GIVEN RECORDS.

--------------------------------------------------

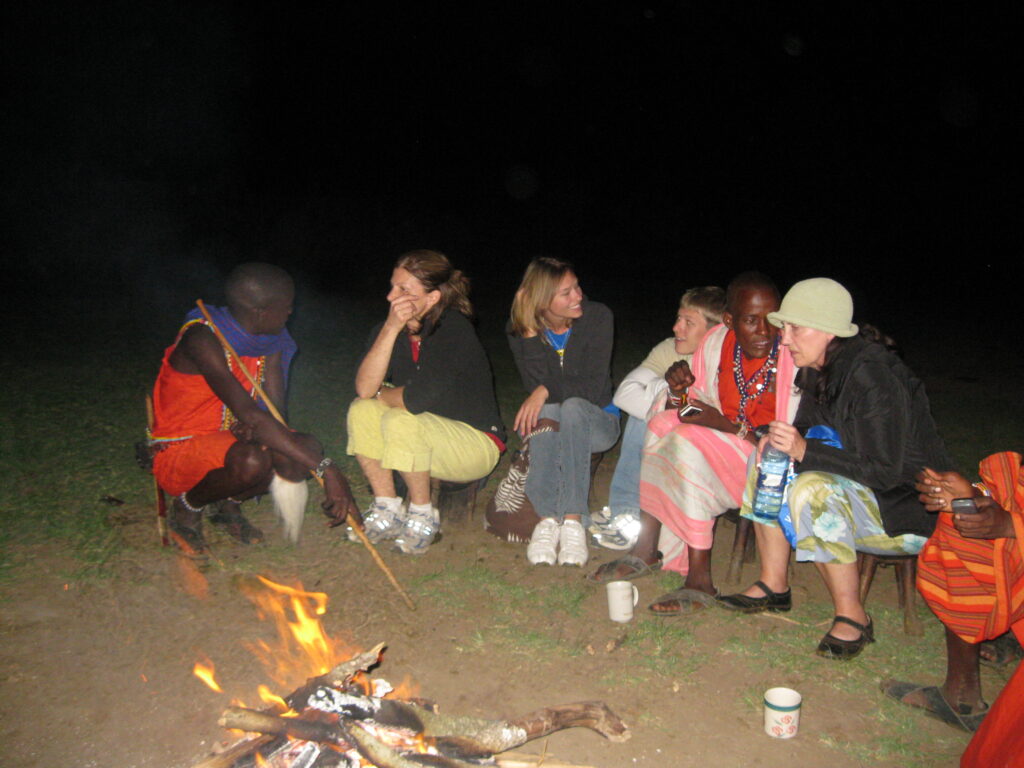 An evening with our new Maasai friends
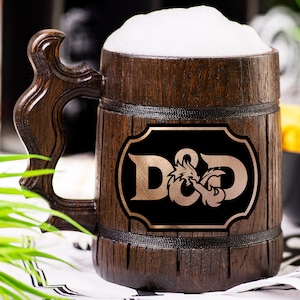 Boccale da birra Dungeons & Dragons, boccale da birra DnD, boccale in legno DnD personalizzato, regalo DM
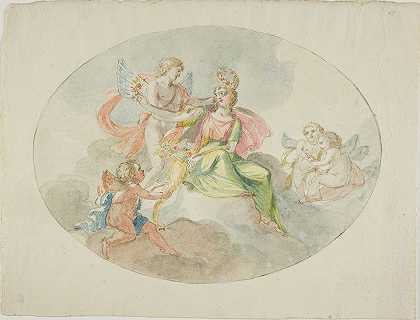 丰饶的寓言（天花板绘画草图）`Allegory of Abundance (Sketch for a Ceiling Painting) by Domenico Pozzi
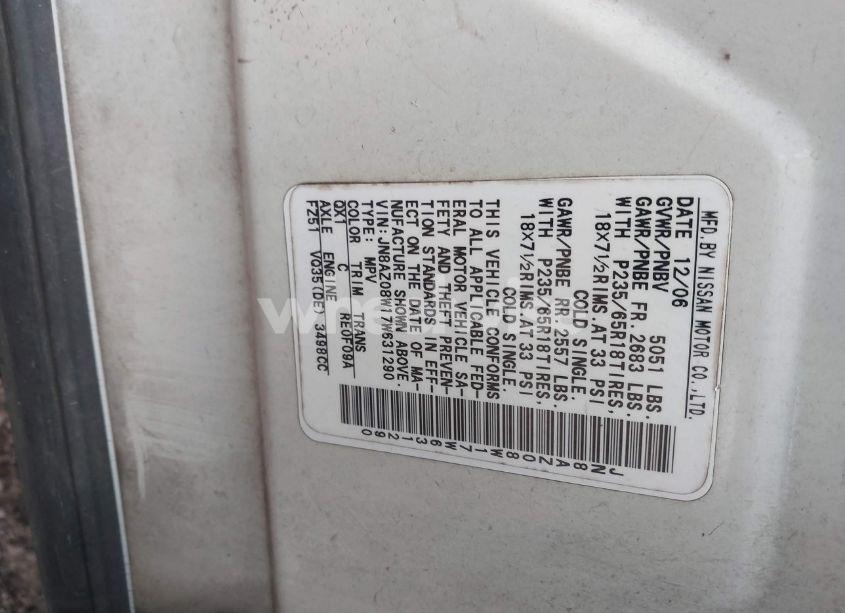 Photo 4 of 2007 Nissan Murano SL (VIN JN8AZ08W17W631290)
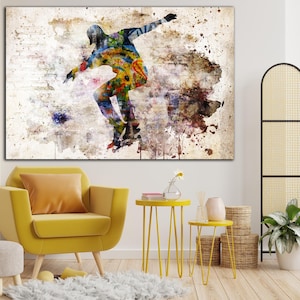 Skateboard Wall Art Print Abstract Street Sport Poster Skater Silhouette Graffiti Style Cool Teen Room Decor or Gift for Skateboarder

--------------------------------------------------

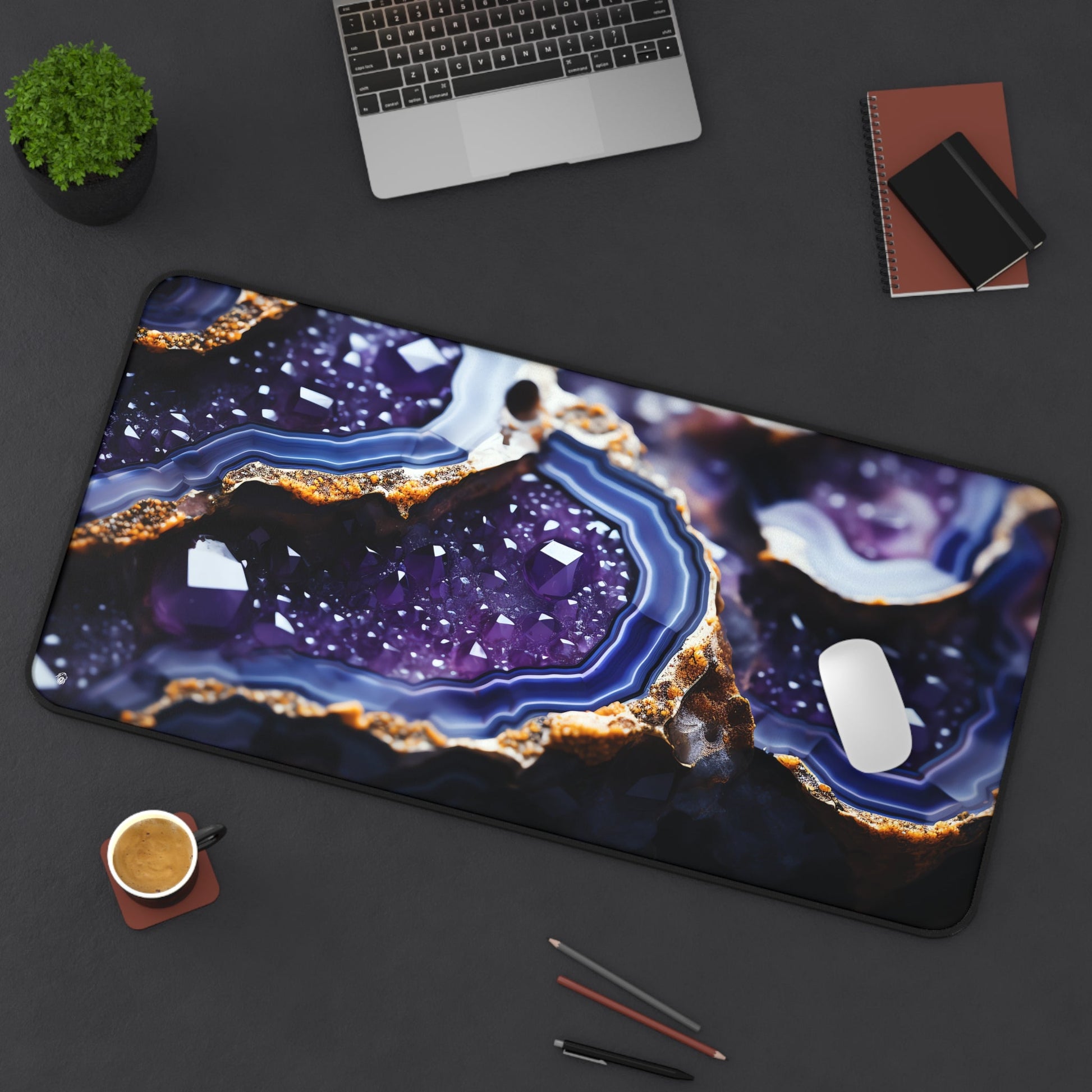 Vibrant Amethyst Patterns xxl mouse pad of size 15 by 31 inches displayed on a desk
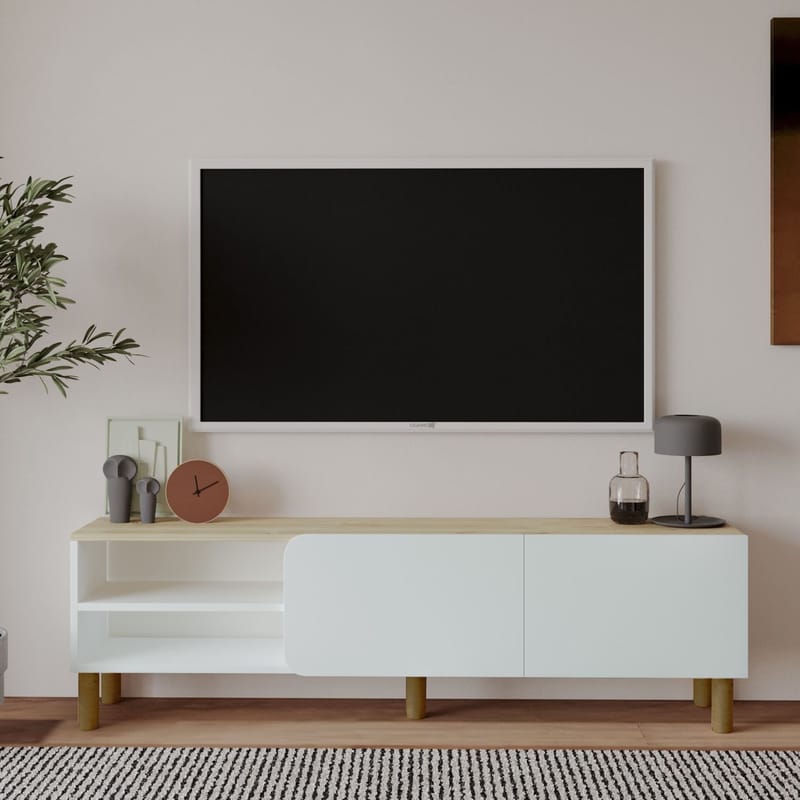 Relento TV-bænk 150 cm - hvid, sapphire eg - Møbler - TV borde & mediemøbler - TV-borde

--------------------------------------------------

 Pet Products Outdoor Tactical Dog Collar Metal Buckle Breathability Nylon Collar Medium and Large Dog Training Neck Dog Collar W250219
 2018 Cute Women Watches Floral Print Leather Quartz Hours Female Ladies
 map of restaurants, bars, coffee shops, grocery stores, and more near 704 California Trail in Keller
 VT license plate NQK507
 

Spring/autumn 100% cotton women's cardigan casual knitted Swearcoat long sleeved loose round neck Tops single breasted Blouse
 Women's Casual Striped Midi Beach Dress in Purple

--------------------------------------------------

WHAT THE TASK REQUIRES. In the entries above, find the line containing "An evening with our new Maasai friends" and the line containing "Photo 4 of 2007"; give again exactly those two lines and every line between them, minus the pictures.

REPLY.
 An evening with our new Maasai friends
 Boccale da birra Dungeons & Dragons, boccale da birra DnD, boccale in legno DnD personalizzato, regalo DM
 丰饶的寓言（天花板绘画草图）`Allegory of Abundance (Sketch for a Ceiling Painting) by Domenico Pozzi
 Photo 4 of 2007 Nissan Murano SL (VIN JN8AZ08W17W631290)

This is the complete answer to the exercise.